A conversa entre o zerozero e Tuomisto desenrolou-se e o assunto tornou-se um círculo. Se há algo em que Tuomisto insistiu foi o caráter de Farioli. Chamou-lhe «direto». Não no sentido brusco, mas na ausência total de «jogo político».

«Ele diz exatamente o que precisa de dizer a um diretor desportivo, a um presidente, a um jogador. Seja a quem for. Sabe o que precisa para ter sucesso e não hesita. É das pessoas mais respeitadoras e leais com quem trabalhei», atirou o finlandês.

O atual treinador de guarda-redes do Basaksehir não gosta de contar «histórias engraçadas», mas admitiu que, no dia a dia, o italiano podia ser tão exigente que era quase impossível aguentar o ritmo sem uma dedicação absoluta.

«Para estar perto dele, tens de estar preparado para dar tudo. Caso contrário, não duras duas semanas.»

Tuomisto fez parte da turma de Francesco Farioli durante quatro anos. Finda a trajetória no Ajax, os caminhos divergiram. No entanto, não fica qualquer mágoa.

«Claro que a primeira sensação é de desilusão. Trabalhámos juntos durante vários anos e conhecemo-nos há ainda mais. Mas é normal mudar pessoas, mudar dinâmicas. O respeito entre nós é total», descreveu.

qPara estar perto dele, tens de estar preparado para dar tudo. Caso contrário, não duras duas semanas.

Jarkko Tuomisto, ex-adjunto de Farioli

E esse respeito é tanto que o orgulho do triunfo do amigo permanece intacto: «Não gosto de fazer previsões porque sou supersticioso e tenho medo que corra mal, mas ele vai chegar muito longe.
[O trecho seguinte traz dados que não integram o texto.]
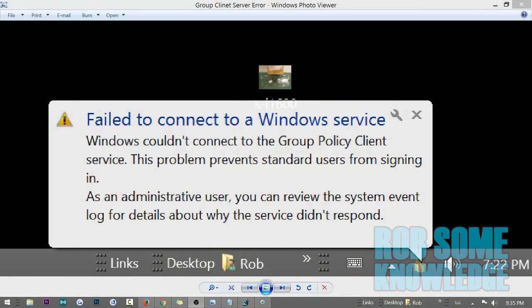Today we're going to be talking about a fairly common problem on Windows that you may sometimes face. The problem is, I'm going to pull it up on screen for you — it says 'Failed to connect to a Windows service. Windows couldn't connect to the Group Policy Client service. This problem prevents standard users from signing in. As an administrative user, you can review the system event log for details about why the service didn't respond.'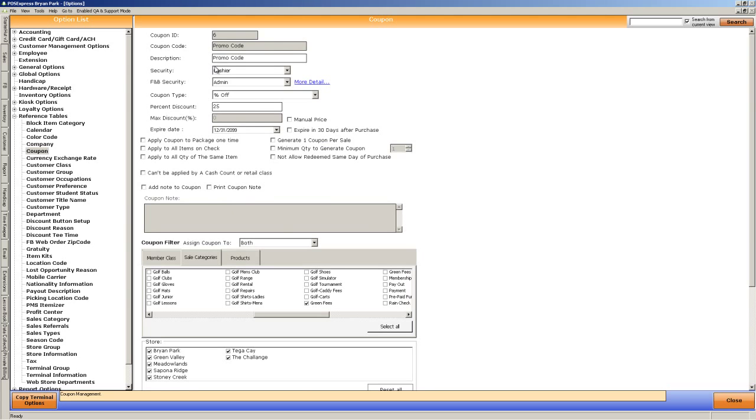So again, here, I set up a promo code. I call the promo code promo code. You can make as many of these up as you want.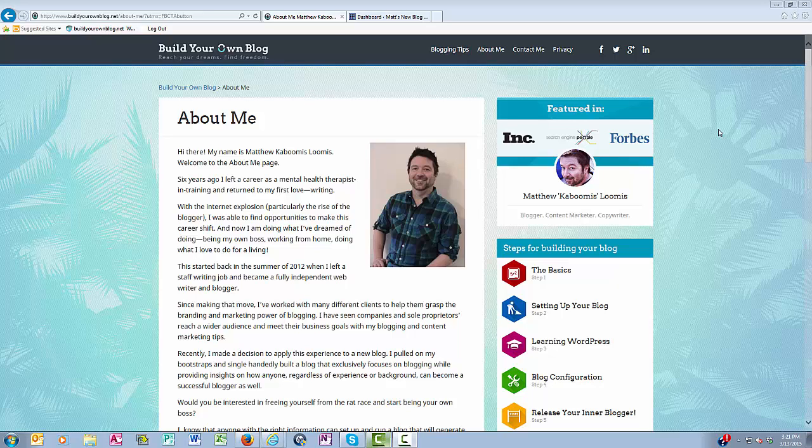Hey everyone, this is Matthew with buildyourownblog.net, and in this video I'm going to show you how to customize the header of your blog.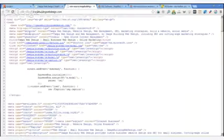Now let's talk about the description. The description is more elongated — it can be 150, maybe 156 characters, and the characters include spaces. It may be one sentence; I've seen it be two or three sentences. This is the main idea of the page, and being a home page, it should also represent the whole website. Our description says: Tampa Web Design and Web Management by Image Building Web Design, including SEO and cutting edge marketing strategies. It's using these key phrases and keywords throughout.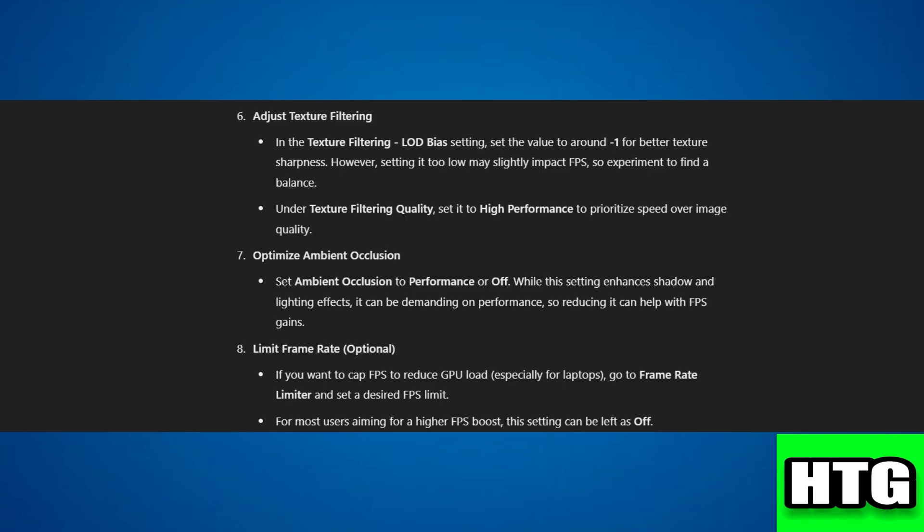Step 9: Apply and test. Click apply changes to save your settings, then test in games to check FPS improvement. That's how you can boost FPS with Nvidia Profile Inspector for every game. That's all for this video.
Não tenho dúvidas disso.»

O reencontro com o Nice, esta quinta-feira, tem sabor simbólico: é o lugar onde Farioli se testou entre os grandes, onde descobriu que as ideias resistiam ao impacto de um balneário de elite e onde percebeu que nem sempre os ciclos duram aquilo que a lógica dita.

Hoje, no FC Porto, está mais preparado. Com a mesma obsessão pelo detalhe. Com a mesma ideia-mãe. Com mais maturidade, mais capacidade de adaptação e mais contexto. Nice foi o abrir da porta de entrada. O Dragão tem sido sala principal.